Although it works, it has no good performance when the x-th random is generated - it searches the whole list for a free place. This algorithm, a step-by-step Fisher–Yates shuffle, from the question Unique (non-repeating) random numbers in O(1)?, will perform better:
function makeRandomRange(x) {
var range = new Array(x),
pointer = x;
return function getRandom() {
pointer = (pointer-1+x) % x;
var random = Math.floor(Math.random() * pointer);
var num = (random in range) ? range[random] : random;
range[random] = (pointer in range) ? range[pointer] : pointer;
return range[pointer] = num;
};
}
(Demo at jsfiddle.net)
Extended version which does only generate one "group" of unique numbers:
function makeRandomRange(x) {
var range = new Array(x),
pointer = x;
return function getRandom() {
if (range) {
pointer--;
var random = Math.floor(Math.random() * pointer);
var num = (random in range) ? range[random] : random;
range[random] = (pointer in range) ? range[pointer] : pointer;
range[pointer] = num;
if (pointer <= 0) { // first x numbers had been unique
range = null; // free memory;
}
return num;
} else {
return Math.floor(Math.random() * x);
}
};
}
(Demo)
You got some great programming answer. Here's one with a more theoretical flavor to complete your panorama :-)
Your problem is called "sampling" or "subset sampling" and there are several ways you could do this. Let N be the range you are sampling frame (i.e., N=X+1) and M be the size of your sample (the number of elements you want to pick).

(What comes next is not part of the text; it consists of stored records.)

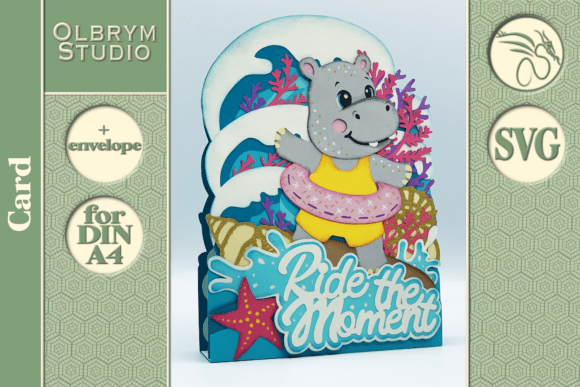 Download Hippo Summer Vacation Greeting Card SVG - Vacation Collection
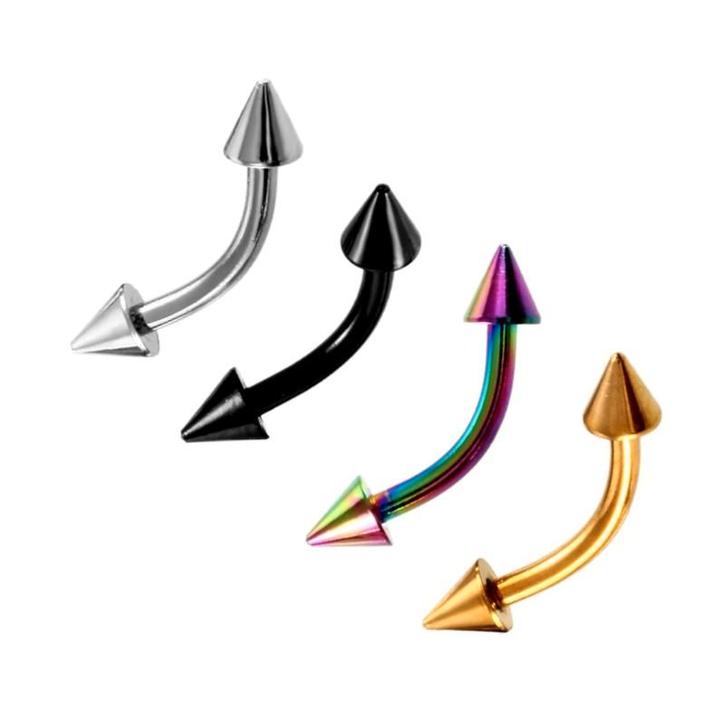 Fako Bijoux - Wenkbrauw Piercing - Spike - 3mm - Set - 4, Handtassen en Accessoires, Piercings, Verzenden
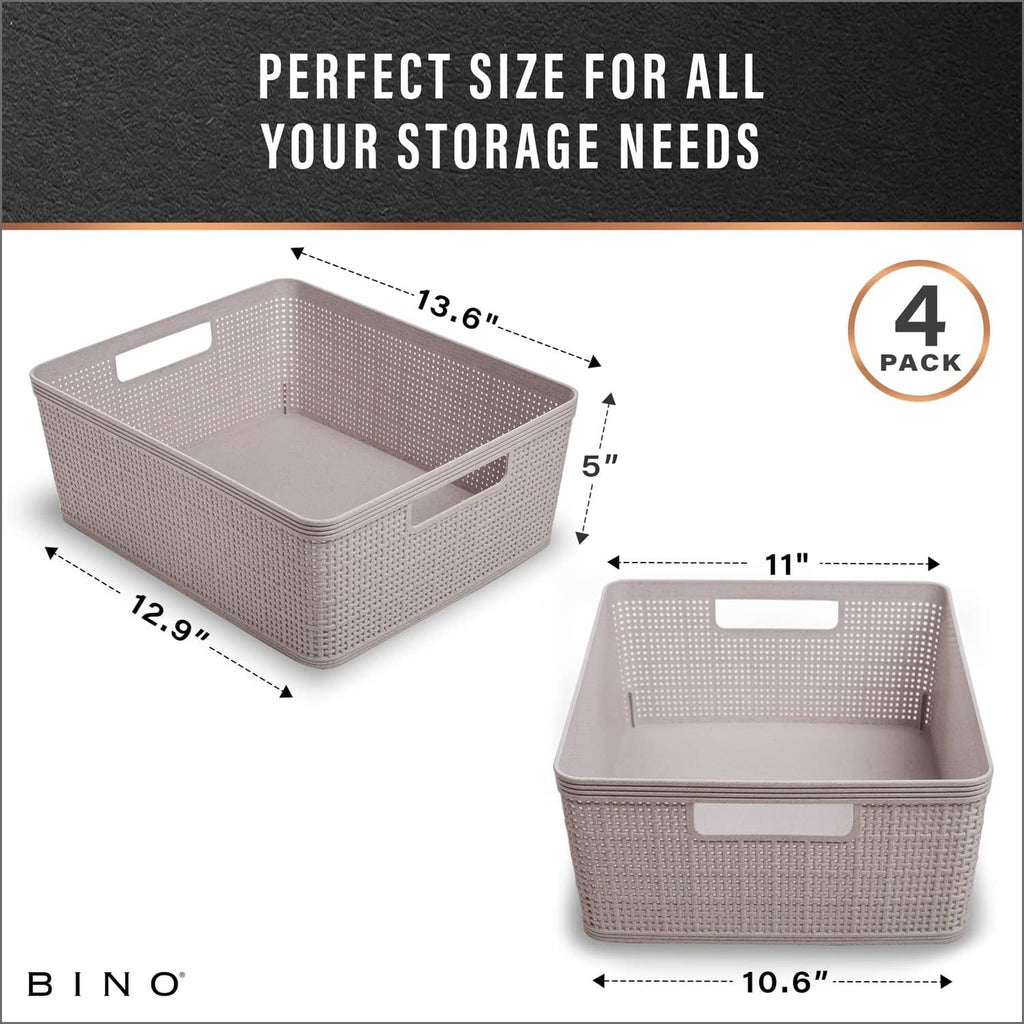 Small woven plastic storage baskets, natural grey, open-top with cutout handle, size view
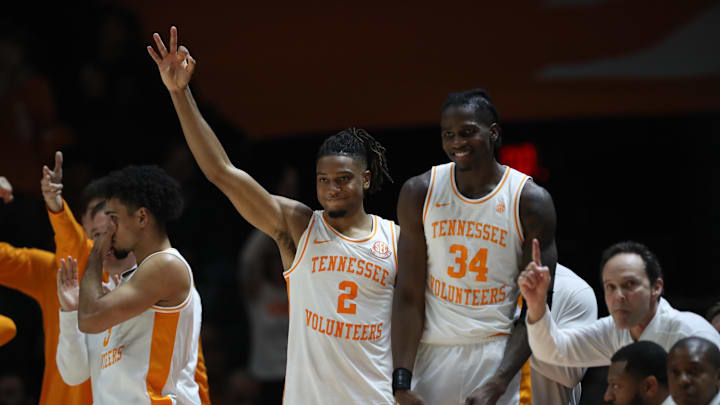 Jan 15, 2025; Knoxville, Tennessee, USA; Tennessee Volunteers guard Chaz Lanier (2) and forward Felix Okpara (34) celebrate after a play against the Georgia Bulldogs during the second half at Thompson-Boling Arena at Food City Center. Mandatory Credit: Randy Sartin-Imagn Images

if N is much larger than M, you'll want to use an algorithm such as the one suggested by Bentley and Floyd in his column "Programming Pearls: a sample of brilliance" (temporarily available without ACM's lock screen here), I really recommend this as they explicitly give code and discuss in terms of hash tables, etc.; there a few neat tricks in there
if N is within the same range as M, then you might want to use the Fisher-Yates shuffle but stop after only M steps (instead of N)
if you don't really know then the algorithm on page 647 of Devroye's book on random generation is pretty fast.
I wrote this function. It keeps its own array with a history of generated numbers, preventing initial duplicates, continuing to output a random number if all numbers in the range have been outputted once:
// Generates a unique number from a range
// keeps track of generated numbers in a history array
// if all numbers in the range have been returned once, keep outputting random numbers within the range
var UniqueRandom = { NumHistory: new Array(), generate: function(maxNum) {
var current = Math.round(Math.random()*(maxNum-1));
if (maxNum > 1 && this.NumHistory.length > 0) {
if (this.NumHistory.length != maxNum) {
while($.inArray(current, this.NumHistory) != -1) { current = Math.round(Math.random()*(maxNum-1)); }
this.NumHistory.push(current);
return current;
} else {
//unique numbers done, continue outputting random numbers, or we could reset the history array (NumHistory = [];)
return current;
}
} else {
//first time only
this.NumHistory.push(current);
return current;
}
}
};
Here's a working Fiddle
I hope this is of use to someone!
Edit: as pointed out by Pointy below, it might get slow with a large range (here is a
fiddle, going over a range from 0-1000, which seems to run fine). However; I didn't require a very large range, so perhaps this function is indeed not suited if you look to generate and keep track of an enormous range.
You may try generating the number using the current date and time value which would make it unique. To make it within the range, you may have to use some mathematical function.